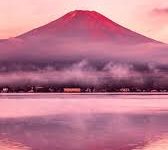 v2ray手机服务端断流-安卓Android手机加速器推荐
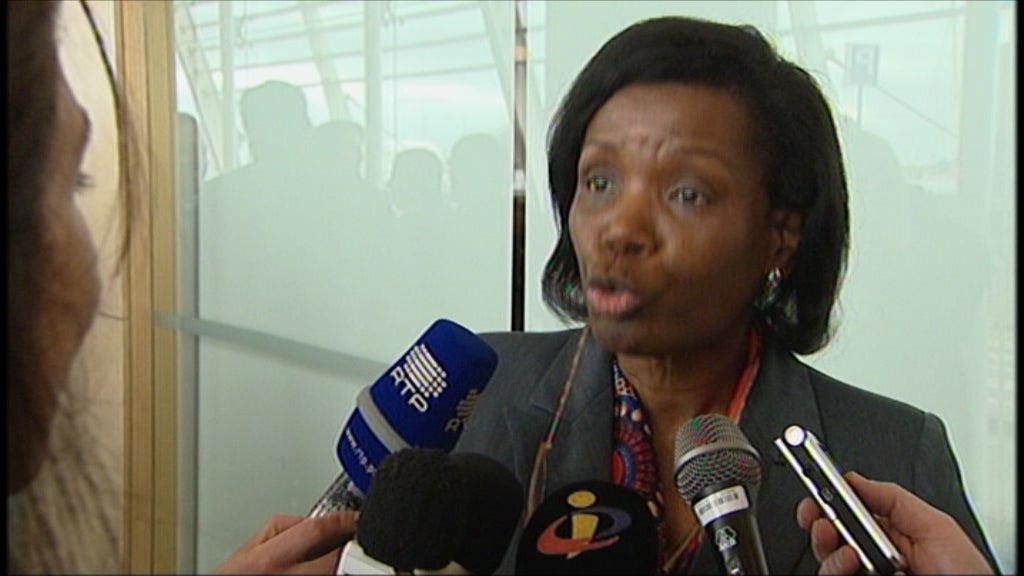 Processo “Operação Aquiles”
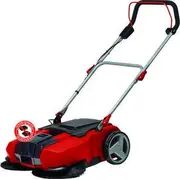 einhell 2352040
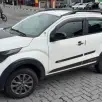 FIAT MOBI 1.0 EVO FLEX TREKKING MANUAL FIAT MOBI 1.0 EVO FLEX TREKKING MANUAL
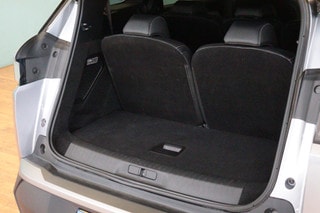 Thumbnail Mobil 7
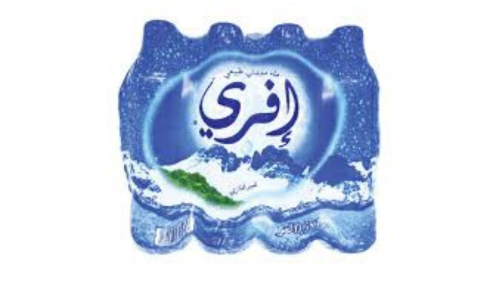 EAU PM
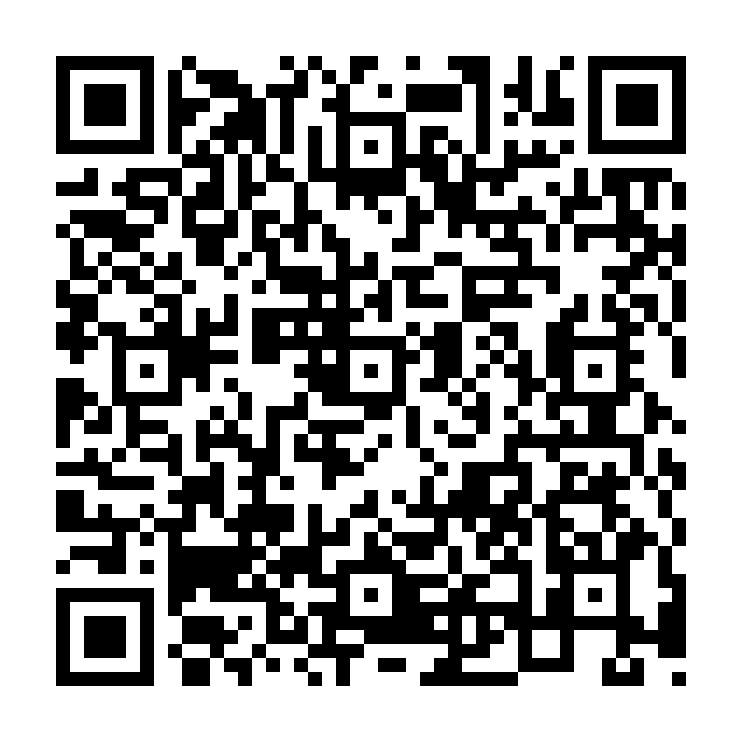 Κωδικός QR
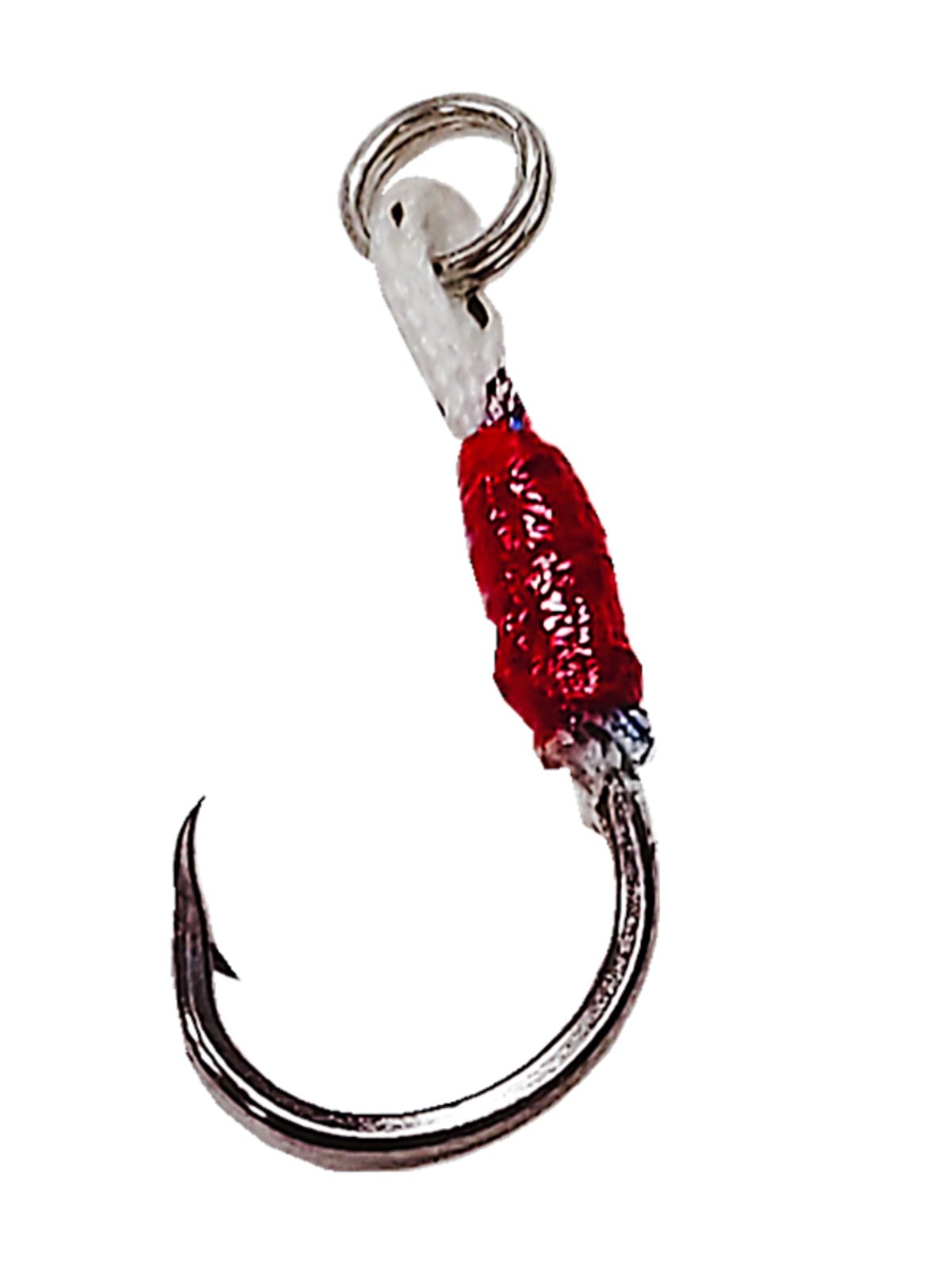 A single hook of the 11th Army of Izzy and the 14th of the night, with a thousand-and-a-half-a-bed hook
---
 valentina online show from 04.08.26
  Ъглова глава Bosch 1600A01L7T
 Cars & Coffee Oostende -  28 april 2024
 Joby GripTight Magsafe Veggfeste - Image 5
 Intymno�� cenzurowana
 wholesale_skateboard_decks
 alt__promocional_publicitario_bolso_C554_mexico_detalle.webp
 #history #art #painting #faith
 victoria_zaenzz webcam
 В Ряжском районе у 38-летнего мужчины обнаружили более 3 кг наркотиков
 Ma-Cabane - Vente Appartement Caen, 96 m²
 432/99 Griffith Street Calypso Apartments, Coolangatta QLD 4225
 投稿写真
--
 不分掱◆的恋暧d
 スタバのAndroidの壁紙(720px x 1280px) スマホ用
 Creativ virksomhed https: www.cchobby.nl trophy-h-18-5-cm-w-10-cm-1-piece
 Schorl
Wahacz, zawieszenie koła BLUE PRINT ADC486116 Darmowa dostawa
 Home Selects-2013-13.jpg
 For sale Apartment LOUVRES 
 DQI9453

_Problem to solve_.
The stretch above running from the line with "v2ray手机服务端断流-安卓Android手机加速器推荐" through the line with "A single hook" is all you should copy, exactly, leaving out the pictures.

_Output for this exercise_.
 v2ray手机服务端断流-安卓Android手机加速器推荐
 Processo “Operação Aquiles”
 einhell 2352040
 FIAT MOBI 1.0 EVO FLEX TREKKING MANUAL FIAT MOBI 1.0 EVO FLEX TREKKING MANUAL
 Thumbnail Mobil 7
 EAU PM
 Κωδικός QR
 A single hook of the 11th Army of Izzy and the 14th of the night, with a thousand-and-a-half-a-bed hook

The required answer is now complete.